Brief descriptive captions:
▼▼▼
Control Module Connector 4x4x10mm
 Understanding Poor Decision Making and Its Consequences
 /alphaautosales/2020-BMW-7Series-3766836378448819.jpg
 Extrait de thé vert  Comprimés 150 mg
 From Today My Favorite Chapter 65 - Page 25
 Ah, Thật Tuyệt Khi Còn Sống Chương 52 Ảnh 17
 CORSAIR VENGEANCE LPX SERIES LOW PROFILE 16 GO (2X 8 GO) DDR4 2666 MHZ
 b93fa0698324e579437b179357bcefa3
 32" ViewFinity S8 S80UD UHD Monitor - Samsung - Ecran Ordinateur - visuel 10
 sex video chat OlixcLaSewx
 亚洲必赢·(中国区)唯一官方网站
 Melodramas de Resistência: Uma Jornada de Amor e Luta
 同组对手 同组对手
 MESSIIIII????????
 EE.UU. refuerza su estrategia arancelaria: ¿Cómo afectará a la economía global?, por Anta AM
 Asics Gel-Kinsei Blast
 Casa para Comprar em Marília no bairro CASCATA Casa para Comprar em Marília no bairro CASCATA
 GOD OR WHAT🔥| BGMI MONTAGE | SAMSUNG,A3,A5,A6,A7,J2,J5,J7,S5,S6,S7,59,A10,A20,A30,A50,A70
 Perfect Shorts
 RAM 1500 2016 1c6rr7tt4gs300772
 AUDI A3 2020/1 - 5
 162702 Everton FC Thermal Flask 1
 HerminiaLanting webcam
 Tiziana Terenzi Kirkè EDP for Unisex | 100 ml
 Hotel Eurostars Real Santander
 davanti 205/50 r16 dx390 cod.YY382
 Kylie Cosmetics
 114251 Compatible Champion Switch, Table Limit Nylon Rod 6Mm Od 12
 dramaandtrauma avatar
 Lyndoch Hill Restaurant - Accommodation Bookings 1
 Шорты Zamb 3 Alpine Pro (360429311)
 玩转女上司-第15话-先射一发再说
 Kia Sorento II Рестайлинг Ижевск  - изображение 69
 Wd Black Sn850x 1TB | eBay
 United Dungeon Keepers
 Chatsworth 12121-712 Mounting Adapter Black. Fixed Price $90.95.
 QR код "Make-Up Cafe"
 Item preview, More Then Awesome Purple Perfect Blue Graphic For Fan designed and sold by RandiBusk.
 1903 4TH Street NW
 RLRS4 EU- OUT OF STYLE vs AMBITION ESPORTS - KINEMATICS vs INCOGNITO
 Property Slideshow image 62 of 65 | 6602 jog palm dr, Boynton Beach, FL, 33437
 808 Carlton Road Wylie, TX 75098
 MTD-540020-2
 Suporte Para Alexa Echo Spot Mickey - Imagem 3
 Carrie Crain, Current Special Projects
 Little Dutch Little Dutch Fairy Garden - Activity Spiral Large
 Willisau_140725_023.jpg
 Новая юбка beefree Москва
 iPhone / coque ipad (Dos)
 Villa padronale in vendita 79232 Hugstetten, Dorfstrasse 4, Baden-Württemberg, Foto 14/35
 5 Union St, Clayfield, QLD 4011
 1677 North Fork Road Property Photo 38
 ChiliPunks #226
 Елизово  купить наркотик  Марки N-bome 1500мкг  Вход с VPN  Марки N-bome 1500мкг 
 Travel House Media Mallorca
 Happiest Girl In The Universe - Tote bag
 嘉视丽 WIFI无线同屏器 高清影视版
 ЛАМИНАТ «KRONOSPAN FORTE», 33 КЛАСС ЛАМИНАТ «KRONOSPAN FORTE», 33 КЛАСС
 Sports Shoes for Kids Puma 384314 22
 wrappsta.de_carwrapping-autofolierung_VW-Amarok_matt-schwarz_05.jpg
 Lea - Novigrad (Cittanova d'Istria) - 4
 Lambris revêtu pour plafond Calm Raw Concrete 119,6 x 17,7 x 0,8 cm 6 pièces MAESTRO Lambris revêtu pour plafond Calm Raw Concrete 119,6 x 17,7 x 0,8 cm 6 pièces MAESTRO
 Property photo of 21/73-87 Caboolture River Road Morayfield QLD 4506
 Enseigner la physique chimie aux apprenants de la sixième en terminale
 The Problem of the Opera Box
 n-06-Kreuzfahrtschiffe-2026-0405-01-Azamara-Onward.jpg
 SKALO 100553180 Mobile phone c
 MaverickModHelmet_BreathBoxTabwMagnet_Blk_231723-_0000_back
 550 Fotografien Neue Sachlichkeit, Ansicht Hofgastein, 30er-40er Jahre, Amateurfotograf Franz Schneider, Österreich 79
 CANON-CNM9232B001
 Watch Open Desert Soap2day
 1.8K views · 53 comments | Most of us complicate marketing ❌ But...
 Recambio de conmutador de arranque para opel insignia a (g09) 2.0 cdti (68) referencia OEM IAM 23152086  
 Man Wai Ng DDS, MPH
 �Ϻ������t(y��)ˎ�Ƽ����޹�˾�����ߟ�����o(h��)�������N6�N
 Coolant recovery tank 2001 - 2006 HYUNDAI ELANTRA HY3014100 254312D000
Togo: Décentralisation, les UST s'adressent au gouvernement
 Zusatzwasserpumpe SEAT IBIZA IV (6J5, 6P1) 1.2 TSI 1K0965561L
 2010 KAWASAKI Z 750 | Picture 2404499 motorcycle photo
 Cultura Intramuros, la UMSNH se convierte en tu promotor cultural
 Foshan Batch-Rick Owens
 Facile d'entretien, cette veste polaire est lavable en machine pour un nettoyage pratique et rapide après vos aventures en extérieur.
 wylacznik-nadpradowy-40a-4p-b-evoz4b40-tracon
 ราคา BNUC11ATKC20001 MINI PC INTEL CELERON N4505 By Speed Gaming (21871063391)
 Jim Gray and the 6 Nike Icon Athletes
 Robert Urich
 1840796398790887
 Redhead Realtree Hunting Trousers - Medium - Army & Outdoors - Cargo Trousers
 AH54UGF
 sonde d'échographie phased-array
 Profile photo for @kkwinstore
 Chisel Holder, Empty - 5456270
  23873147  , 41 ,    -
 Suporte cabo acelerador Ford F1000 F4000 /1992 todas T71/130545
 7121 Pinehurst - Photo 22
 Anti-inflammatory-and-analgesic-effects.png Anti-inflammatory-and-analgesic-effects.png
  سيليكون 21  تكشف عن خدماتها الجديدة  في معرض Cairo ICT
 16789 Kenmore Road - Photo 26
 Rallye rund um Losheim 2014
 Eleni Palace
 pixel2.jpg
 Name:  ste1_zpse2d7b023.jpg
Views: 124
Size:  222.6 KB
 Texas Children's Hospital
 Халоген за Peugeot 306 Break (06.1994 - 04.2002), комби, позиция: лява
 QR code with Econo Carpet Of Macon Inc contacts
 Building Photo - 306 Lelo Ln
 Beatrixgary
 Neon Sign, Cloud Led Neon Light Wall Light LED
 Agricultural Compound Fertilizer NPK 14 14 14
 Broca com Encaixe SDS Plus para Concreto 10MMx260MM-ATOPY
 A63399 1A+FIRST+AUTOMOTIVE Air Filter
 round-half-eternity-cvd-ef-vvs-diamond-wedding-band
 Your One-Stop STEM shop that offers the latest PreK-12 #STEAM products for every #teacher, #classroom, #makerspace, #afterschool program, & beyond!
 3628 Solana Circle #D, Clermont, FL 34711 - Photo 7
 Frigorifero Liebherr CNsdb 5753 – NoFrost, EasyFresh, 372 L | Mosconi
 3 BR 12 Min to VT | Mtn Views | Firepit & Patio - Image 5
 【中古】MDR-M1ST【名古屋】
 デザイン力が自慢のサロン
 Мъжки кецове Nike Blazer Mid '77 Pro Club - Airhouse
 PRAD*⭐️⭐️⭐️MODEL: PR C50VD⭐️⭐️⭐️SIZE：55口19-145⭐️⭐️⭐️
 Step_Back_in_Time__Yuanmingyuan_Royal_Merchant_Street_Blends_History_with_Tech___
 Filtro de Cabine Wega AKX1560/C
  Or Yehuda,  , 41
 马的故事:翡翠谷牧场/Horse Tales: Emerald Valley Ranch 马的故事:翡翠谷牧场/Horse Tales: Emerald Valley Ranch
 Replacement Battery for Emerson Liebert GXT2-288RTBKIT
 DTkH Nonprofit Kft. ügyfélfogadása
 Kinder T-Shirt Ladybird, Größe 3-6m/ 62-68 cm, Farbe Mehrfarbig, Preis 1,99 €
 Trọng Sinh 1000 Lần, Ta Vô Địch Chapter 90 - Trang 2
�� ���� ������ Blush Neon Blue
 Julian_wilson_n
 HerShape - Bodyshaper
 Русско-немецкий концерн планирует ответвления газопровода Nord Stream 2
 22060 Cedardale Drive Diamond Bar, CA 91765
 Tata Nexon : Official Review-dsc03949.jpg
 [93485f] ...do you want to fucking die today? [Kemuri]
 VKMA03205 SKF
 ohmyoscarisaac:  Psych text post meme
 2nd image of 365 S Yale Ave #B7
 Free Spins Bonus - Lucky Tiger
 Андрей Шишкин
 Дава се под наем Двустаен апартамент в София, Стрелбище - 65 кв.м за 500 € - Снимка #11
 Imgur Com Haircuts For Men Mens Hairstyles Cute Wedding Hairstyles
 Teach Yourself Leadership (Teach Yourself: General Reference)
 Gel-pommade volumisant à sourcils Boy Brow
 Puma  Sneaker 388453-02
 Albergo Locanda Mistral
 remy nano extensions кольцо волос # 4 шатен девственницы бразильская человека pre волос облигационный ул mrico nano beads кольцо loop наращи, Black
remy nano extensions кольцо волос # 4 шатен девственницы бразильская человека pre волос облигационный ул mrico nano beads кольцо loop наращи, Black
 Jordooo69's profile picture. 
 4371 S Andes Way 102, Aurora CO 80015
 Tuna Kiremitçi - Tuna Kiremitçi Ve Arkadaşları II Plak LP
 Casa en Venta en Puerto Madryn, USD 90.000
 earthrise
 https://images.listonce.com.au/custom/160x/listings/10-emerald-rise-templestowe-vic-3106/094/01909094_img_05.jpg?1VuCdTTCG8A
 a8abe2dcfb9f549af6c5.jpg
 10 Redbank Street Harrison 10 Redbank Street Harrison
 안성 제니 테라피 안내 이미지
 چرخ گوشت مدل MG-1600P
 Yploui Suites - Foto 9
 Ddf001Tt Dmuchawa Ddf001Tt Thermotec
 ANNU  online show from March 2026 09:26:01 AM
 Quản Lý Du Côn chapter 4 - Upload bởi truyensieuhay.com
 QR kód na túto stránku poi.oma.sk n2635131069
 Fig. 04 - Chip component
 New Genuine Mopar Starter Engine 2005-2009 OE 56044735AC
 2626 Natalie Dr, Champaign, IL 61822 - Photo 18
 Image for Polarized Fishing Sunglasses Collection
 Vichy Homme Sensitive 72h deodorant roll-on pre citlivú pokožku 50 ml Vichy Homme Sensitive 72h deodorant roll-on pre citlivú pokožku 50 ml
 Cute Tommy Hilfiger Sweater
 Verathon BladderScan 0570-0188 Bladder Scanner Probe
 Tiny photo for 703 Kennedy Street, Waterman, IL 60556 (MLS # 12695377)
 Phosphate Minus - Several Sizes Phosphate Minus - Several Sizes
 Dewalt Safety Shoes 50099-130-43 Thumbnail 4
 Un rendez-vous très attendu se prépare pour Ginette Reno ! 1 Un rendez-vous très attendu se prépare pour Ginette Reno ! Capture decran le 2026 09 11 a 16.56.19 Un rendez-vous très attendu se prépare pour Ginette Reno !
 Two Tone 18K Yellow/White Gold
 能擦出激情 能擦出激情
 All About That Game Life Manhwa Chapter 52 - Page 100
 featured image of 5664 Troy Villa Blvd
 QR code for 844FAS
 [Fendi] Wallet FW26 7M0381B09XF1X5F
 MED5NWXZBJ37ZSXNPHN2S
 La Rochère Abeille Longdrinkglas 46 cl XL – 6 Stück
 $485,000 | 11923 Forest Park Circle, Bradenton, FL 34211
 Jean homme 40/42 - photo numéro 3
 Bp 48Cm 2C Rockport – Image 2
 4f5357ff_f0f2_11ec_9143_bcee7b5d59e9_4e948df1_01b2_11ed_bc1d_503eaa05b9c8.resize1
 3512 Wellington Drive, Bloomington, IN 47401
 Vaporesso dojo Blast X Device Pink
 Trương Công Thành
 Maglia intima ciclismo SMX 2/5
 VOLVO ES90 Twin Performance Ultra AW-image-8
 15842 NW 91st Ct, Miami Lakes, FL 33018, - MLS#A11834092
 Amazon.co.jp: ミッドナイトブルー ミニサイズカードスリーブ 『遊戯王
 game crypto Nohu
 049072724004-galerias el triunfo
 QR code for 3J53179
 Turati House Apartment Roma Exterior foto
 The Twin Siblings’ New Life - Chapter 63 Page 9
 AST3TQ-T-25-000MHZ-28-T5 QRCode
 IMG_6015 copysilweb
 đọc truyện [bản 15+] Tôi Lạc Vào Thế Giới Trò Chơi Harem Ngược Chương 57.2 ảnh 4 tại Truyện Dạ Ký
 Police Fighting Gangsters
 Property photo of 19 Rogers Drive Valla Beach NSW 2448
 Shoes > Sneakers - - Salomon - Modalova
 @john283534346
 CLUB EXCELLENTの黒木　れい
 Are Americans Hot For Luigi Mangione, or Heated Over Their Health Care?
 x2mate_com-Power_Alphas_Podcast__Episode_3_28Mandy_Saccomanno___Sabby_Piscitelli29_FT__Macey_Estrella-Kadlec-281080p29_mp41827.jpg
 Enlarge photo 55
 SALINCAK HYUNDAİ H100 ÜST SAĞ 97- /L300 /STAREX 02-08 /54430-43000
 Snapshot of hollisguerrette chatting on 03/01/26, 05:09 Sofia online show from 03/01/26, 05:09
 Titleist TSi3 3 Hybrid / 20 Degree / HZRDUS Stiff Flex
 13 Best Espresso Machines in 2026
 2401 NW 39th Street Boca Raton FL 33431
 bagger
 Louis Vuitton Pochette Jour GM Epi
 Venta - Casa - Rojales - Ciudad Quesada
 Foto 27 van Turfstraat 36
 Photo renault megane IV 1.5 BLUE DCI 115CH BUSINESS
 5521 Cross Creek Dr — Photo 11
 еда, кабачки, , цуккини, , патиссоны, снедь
▲▲▲
## WHAT IS BEING ASKED:
Start with the line above that contains "چرخ گوشت مدل MG-1600P" and end with the line that contains "New Genuine Mopar". Write out those lines exactly, and only those.

## EXERCISE RESULT:
 چرخ گوشت مدل MG-1600P
 Yploui Suites - Foto 9
 Ddf001Tt Dmuchawa Ddf001Tt Thermotec
 ANNU  online show from March 2026 09:26:01 AM
 Quản Lý Du Côn chapter 4 - Upload bởi truyensieuhay.com
 QR kód na túto stránku poi.oma.sk n2635131069
 Fig. 04 - Chip component
 New Genuine Mopar Starter Engine 2005-2009 OE 56044735AC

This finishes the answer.